Work required: Where the line containing "Runner 125 VX" appears in the entries below, begin there and output every line through the last, exactly, minus the pictures.

#### Input material ####

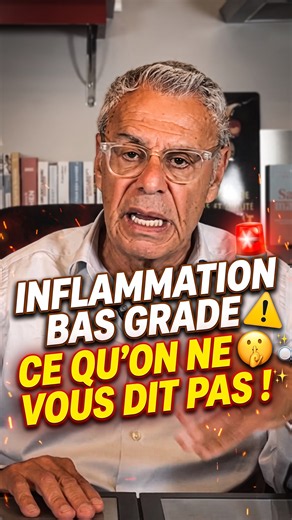 3 Signes Inflammation Votre Corps Vous Parle #nutrition #alimentation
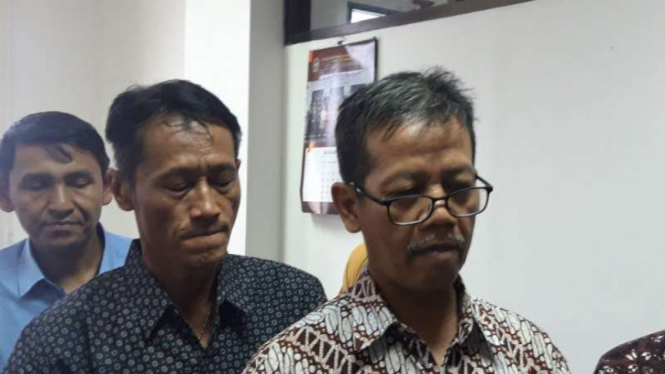 Wakil Ketua Kwarcab Kota Yogyakarta, Suraji Widarta.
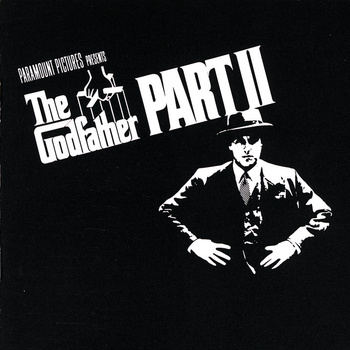 Nino Rota – The Godfather Part 2 LP (Japan, bez Obi)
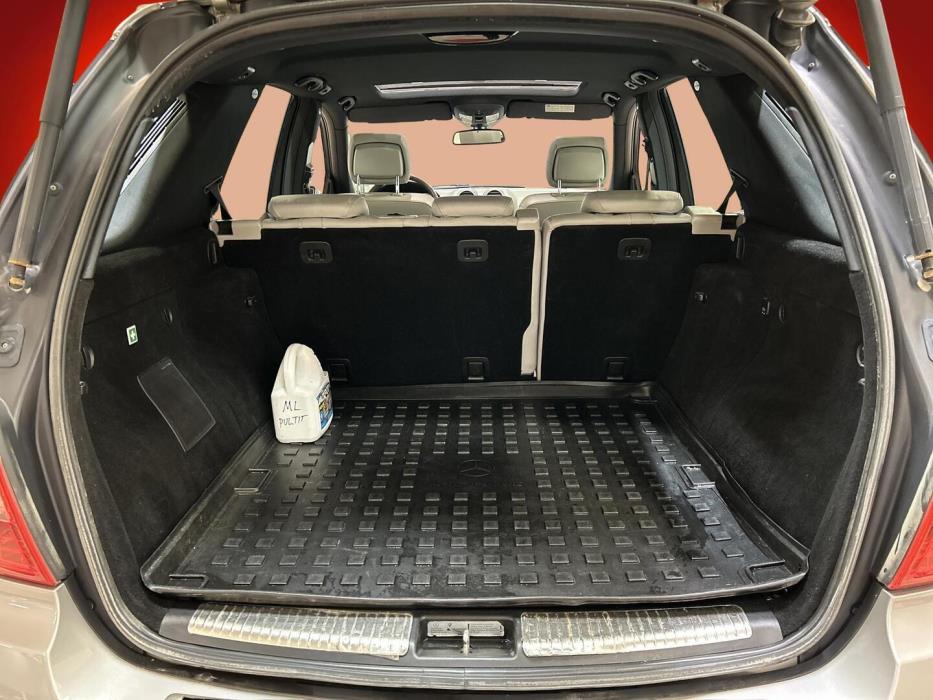 MERCEDES-BENZ ML 2009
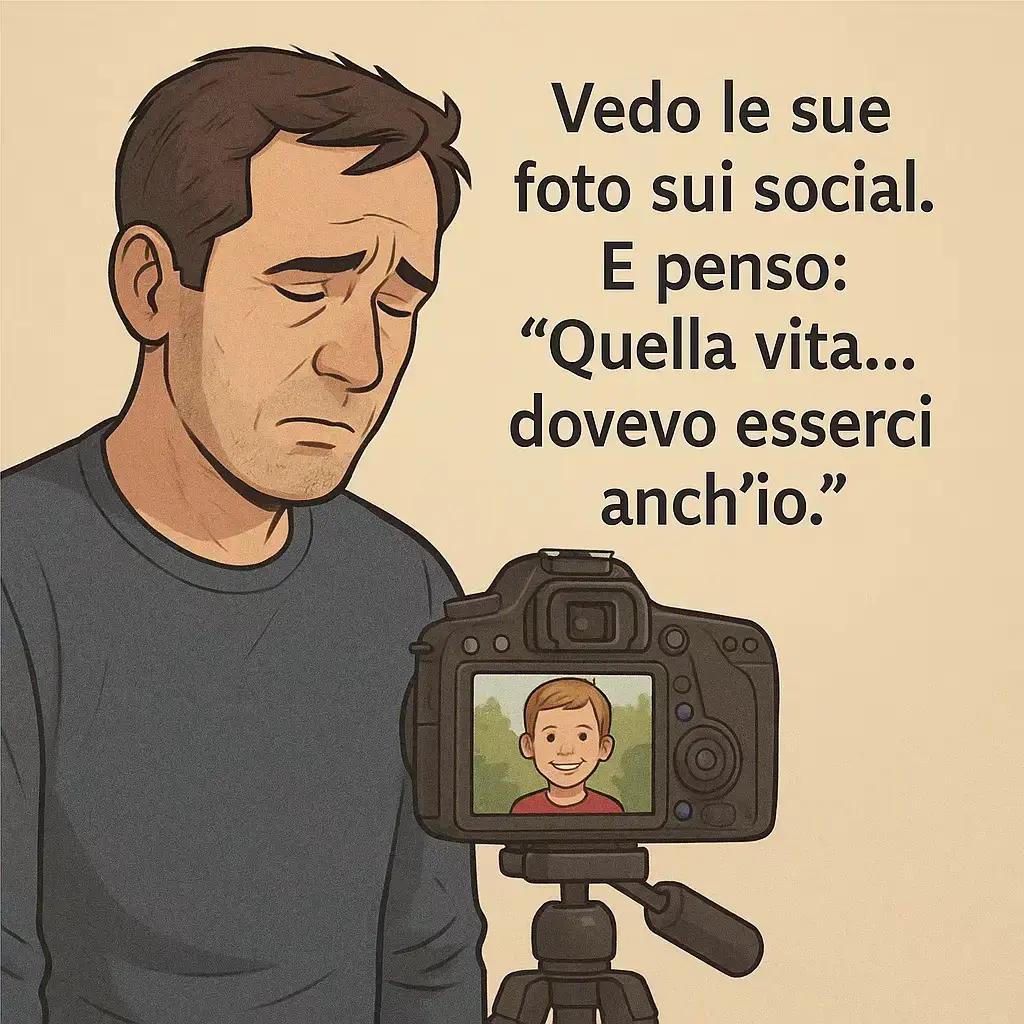 @Andrea Livi Pap&agrave; Separato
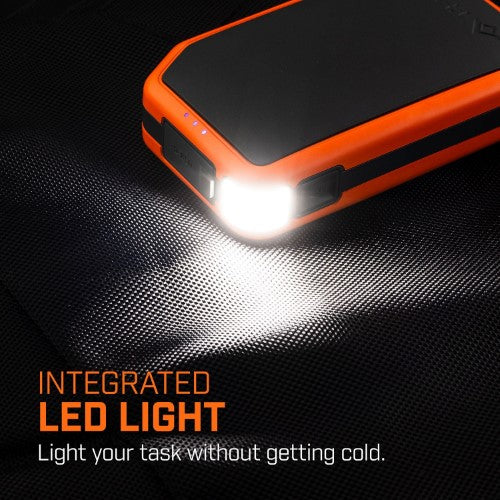 Rechargeable Hand Warmer - THAW Light and 5K Power Bank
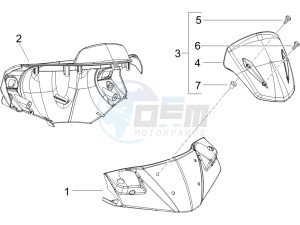 Runner 125 VX 4t e3 drawing Anti-percolation system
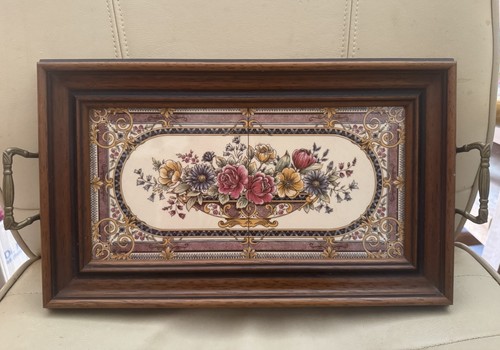 Vintage victorian style floral - vintage, victorian-style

####

Result for this task:
 Runner 125 VX 4t e3 drawing Anti-percolation system
 Vintage victorian style floral - vintage, victorian-style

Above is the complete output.